Where Is the Eiffel Tower?
On March 31, 1889, Gustave Eiffel climbed
1,710 steps to the top of his new tower. He attached the striped blue, white, and red French flag to the flagpole. The flag fluttered in the wind. He looked down. The entire city of Paris, France, spread out 934 feet below him. He watched the boats moving back and forth along the Seine River that flows through the center of the city.
Across the river, on the right bank, people were strolling along the wide boulevard toward the limestone Arc de Triomphe monument. Others were relaxing on benches in the gardens near the Louvre Museum. Farther up the river, Gustave could view Notre-Dame Cathedral, one of the city’s oldest stone buildings.
Next to his tower, on the river’s left bank, a world’s fair called the Exposition Universelle was getting ready for its May 6 opening day. Hundreds of thousands of visitors were expected. Artists and inventors would exhibit their newest creations. Merchants from all over the world would demonstrate their latest products. Gustave Eiffel’s tower would be the entrance to the fair.
Gustave walked down the stairs. At the bottom, the men who had worked on the tower were waiting. So were Paris dignitaries and reporters.
Gustave thanked all the workers. It had been two years, two months, and five days since they dug the first hole. During that time, Parisians had watched Gustave’s wrought-iron tower rise higher and higher. Now it was the tallest structure in the world.
Many critics called it a monstrosity.
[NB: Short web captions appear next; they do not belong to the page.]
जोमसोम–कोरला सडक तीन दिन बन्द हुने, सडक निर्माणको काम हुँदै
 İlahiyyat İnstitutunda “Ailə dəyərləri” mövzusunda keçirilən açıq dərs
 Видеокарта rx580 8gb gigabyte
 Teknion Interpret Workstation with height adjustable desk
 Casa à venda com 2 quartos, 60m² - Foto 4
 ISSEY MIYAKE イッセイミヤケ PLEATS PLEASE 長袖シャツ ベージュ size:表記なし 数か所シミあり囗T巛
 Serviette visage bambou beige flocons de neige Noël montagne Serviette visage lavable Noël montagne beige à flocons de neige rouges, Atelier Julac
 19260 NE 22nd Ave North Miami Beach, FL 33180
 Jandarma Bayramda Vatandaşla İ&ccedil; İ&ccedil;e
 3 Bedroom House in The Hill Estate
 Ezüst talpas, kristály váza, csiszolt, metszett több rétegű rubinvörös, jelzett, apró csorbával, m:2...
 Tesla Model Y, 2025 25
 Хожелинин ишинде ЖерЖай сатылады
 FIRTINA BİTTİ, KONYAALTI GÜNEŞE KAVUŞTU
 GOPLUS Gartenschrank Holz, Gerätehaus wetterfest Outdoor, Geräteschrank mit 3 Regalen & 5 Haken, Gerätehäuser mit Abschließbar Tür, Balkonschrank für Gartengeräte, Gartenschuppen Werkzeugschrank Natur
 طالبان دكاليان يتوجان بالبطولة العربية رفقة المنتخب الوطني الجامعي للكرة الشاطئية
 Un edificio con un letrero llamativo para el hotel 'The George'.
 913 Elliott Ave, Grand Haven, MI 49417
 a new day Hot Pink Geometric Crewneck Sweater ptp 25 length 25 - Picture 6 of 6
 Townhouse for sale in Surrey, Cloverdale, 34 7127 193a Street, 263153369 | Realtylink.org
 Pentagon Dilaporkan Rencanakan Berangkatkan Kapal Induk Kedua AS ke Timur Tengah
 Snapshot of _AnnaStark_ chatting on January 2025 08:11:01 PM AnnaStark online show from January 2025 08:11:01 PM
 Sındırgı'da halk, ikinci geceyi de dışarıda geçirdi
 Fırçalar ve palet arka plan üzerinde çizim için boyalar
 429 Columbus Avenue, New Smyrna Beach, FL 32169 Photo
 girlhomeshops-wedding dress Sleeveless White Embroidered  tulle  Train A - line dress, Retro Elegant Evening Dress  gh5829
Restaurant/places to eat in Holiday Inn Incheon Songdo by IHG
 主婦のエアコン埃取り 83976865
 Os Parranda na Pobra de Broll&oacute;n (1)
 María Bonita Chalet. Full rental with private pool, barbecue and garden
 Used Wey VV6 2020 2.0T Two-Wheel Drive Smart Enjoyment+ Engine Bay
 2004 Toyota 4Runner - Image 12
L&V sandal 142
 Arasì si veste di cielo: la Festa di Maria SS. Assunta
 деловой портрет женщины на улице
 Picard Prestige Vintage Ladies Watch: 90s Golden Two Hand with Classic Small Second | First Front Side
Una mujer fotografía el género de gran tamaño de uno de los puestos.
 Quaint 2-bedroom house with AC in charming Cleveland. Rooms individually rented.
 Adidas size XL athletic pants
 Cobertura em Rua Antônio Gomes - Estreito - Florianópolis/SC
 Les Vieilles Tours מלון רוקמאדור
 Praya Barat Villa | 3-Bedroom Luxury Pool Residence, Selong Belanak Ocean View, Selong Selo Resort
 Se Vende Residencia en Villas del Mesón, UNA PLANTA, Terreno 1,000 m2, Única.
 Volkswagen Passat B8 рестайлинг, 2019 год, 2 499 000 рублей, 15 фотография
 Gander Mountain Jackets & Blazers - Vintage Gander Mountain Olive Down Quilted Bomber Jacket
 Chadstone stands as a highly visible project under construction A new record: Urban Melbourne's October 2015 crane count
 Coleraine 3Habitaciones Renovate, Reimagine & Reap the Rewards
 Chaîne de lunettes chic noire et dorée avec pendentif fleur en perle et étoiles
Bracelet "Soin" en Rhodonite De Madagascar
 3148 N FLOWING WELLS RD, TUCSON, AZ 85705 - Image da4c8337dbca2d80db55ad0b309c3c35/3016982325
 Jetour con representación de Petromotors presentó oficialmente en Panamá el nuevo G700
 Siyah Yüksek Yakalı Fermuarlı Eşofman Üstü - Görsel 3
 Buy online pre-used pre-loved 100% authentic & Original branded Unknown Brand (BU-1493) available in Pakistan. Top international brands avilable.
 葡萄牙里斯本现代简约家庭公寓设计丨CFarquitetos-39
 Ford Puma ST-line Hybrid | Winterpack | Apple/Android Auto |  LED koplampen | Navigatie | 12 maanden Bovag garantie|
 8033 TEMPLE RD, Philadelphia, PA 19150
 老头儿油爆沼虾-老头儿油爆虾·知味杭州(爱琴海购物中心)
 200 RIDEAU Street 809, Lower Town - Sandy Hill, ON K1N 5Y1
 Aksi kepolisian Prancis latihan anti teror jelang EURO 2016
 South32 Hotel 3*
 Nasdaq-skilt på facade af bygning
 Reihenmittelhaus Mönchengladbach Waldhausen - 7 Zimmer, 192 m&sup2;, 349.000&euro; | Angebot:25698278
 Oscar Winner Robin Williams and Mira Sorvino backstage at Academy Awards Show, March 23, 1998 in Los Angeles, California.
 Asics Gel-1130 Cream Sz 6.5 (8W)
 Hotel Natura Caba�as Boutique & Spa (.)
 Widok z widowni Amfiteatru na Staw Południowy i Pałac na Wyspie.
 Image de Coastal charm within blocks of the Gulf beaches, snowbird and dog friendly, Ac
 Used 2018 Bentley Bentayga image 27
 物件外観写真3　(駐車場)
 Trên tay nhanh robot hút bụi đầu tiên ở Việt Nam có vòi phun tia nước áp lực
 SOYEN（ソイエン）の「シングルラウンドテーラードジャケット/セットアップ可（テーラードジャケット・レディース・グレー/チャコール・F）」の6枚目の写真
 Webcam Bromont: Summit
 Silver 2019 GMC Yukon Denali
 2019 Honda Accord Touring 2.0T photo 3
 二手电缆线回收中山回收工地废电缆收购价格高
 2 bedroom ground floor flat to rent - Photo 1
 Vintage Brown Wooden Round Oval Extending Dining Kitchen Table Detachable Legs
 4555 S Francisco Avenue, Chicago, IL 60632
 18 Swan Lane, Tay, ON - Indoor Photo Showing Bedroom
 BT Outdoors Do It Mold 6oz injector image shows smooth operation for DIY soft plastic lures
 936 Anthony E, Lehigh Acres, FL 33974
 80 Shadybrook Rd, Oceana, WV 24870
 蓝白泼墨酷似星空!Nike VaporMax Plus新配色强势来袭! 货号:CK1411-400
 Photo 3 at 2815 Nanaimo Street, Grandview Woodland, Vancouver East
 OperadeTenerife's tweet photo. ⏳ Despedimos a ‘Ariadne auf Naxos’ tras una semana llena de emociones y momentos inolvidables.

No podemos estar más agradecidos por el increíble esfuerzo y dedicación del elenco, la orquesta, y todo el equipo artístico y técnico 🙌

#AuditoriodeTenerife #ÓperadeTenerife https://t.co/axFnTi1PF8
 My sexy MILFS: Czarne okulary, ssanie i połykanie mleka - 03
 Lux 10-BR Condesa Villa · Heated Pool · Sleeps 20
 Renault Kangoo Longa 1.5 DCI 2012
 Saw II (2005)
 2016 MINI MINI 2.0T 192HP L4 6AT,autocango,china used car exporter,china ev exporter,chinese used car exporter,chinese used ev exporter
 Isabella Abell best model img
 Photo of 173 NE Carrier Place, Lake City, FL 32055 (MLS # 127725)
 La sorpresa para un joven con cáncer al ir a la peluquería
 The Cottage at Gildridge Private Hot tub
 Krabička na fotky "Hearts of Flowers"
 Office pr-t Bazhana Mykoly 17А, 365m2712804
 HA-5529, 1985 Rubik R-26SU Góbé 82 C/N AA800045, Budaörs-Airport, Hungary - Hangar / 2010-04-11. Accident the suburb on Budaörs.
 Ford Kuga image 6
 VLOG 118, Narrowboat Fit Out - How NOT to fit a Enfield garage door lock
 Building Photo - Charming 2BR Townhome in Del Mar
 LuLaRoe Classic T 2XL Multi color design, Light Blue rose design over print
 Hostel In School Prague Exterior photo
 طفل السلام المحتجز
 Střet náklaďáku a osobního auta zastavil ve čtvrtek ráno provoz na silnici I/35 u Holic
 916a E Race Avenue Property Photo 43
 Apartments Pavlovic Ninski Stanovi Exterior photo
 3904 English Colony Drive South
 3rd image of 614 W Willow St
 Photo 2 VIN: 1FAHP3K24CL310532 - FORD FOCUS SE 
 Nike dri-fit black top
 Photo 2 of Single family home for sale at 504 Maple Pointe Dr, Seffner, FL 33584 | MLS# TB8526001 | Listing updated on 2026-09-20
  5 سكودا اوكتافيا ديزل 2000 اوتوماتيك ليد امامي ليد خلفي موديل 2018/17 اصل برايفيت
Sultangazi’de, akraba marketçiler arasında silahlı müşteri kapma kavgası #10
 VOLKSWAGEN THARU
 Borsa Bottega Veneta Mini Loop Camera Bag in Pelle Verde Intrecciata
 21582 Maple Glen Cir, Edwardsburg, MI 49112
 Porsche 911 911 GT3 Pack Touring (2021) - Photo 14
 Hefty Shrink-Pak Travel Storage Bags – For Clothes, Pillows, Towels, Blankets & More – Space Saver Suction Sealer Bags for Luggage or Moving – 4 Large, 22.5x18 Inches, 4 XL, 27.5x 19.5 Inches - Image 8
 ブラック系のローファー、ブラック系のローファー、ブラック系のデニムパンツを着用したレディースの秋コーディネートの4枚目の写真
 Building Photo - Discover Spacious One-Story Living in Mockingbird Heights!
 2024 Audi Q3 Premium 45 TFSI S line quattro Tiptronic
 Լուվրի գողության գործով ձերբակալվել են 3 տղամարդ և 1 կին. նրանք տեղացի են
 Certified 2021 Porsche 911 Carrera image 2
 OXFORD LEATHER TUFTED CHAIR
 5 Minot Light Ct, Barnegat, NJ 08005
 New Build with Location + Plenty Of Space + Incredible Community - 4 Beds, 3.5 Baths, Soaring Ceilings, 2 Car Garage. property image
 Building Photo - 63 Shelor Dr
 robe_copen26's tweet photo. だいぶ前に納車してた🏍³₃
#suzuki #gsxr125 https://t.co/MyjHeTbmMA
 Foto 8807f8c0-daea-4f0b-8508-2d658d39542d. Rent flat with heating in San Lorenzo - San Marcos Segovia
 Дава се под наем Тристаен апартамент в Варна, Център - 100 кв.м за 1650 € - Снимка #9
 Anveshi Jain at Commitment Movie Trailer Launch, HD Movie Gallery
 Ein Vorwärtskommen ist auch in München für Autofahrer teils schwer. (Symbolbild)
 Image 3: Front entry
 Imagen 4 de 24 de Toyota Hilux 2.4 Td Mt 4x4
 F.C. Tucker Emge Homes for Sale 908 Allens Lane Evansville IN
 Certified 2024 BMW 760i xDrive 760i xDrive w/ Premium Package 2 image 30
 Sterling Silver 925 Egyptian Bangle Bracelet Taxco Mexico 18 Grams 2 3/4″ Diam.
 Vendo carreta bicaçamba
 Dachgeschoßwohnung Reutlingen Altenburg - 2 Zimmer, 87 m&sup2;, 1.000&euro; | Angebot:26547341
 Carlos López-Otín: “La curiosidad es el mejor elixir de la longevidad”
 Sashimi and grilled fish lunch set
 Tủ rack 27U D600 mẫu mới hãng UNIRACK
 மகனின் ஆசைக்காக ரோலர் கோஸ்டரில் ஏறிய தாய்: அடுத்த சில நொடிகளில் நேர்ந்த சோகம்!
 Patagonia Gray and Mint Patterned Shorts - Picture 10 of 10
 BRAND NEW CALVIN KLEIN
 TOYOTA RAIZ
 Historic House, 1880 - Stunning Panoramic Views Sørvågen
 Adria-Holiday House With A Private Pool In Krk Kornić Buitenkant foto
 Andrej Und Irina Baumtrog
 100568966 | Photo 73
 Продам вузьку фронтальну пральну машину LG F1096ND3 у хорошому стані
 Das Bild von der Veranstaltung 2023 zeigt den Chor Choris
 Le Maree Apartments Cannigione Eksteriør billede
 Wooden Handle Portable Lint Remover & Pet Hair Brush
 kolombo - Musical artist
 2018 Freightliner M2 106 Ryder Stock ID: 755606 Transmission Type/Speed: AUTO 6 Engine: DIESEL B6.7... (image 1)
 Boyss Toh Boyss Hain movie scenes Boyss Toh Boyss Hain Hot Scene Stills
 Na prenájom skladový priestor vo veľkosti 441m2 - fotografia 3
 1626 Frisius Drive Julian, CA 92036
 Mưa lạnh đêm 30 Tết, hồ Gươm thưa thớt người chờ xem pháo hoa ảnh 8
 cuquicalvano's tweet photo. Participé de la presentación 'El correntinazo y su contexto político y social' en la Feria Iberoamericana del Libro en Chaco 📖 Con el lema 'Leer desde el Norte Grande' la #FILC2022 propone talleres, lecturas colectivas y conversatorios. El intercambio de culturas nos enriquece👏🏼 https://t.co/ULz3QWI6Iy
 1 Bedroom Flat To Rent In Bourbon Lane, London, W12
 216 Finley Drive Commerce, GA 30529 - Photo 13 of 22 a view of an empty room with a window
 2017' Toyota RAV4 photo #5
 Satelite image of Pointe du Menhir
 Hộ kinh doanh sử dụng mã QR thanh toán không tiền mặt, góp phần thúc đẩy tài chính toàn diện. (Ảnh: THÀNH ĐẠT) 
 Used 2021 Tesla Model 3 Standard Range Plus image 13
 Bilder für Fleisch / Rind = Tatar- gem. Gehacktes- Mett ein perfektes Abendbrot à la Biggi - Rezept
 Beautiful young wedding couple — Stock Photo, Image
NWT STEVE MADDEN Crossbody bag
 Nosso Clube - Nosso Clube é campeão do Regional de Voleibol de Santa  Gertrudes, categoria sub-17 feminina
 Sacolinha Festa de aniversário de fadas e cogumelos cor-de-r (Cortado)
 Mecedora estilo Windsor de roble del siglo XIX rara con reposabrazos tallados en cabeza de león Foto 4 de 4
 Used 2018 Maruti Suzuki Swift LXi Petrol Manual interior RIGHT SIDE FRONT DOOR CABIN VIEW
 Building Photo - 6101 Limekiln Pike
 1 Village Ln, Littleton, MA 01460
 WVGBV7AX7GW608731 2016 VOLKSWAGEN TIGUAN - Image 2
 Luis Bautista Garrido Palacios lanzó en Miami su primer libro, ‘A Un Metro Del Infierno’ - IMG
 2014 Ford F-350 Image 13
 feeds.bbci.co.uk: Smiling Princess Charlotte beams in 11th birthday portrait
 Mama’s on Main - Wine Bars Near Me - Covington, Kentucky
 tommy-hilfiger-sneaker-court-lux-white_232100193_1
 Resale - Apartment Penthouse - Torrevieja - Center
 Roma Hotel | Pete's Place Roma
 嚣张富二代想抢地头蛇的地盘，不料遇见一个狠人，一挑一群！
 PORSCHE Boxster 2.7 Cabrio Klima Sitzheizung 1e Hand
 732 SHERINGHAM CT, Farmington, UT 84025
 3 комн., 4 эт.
A giant, ugly smokestack.
On May 6, when the fair opened, the public would see—and decide—for themselves. It is doubtful that very many people at that time expected the Eiffel Tower to become one of the most famous landmarks anywhere on earth. CHAPTER 1: Opening Day
The fair opened on a beautiful, cool spring day. An enormous crowd of people from France and other parts of the world waited.
Shortly after two o’clock in the afternoon, the French president pushed a button. Three fountains lit by electric lights spewed forth water from the ground beside the tower. The crowds cheered.
For more than two years, Parisians had seen this strange metal creation rise. They knew that its giant legs faced north, south, east, and west, like the points of a compass. They had read about the delicate lattice ironwork and other details. They had heard about the four restaurants that would serve wonderful food, and the observation deck at the very top.
Today was the day! Finally they would be able to examine the whole tower not only from the outside, but from the inside, too. They could ride the elevators all the way to the top . . .
Except the elevators weren’t working. Even worse, the stairs weren’t ready for the public. Up on the tower, workmen were still sawing and hammering. Workers were hurrying to finish painting the tower dark red. Visitors would have to wait to go inside.
The crowd was disappointed. They had been reading about the tower in newspapers. Many reporters despised it. Others praised it. A few admitted they had no idea what this iron thing was supposed to be. Many people had written letters to the editor protesting the tower. Parisians were proud of their long past. They were proud of all the magnificent old stone buildings and monuments that lined their boulevards. This tower was so different. It didn’t fit in with the rest of the city.
The 1889 Paris fair was celebrating the one hundredth anniversary of the French Revolution. It had brought about the country’s first democratic government. Shouldn’t the fair’s entrance be a monument to France’s noble history?
But others disagreed. The fair was also supposed to show off everything new in art and science. Countries from all over the world were exhibiting their latest products. Shouldn’t the entrance to the fair celebrate the new instead of the old? Shouldn’t visitors enter the fair through something exciting and modern?
The crowd moved past the tower. Inside the fairground, there was so much to see. People went from one pavilion to another, either on foot or by tram or rickshaw. They watched Turkish men making shoes. They saw jewelry being made in the Tunisian pavilion. They ate North African couscous and listened to Arab music as they sipped imported teas.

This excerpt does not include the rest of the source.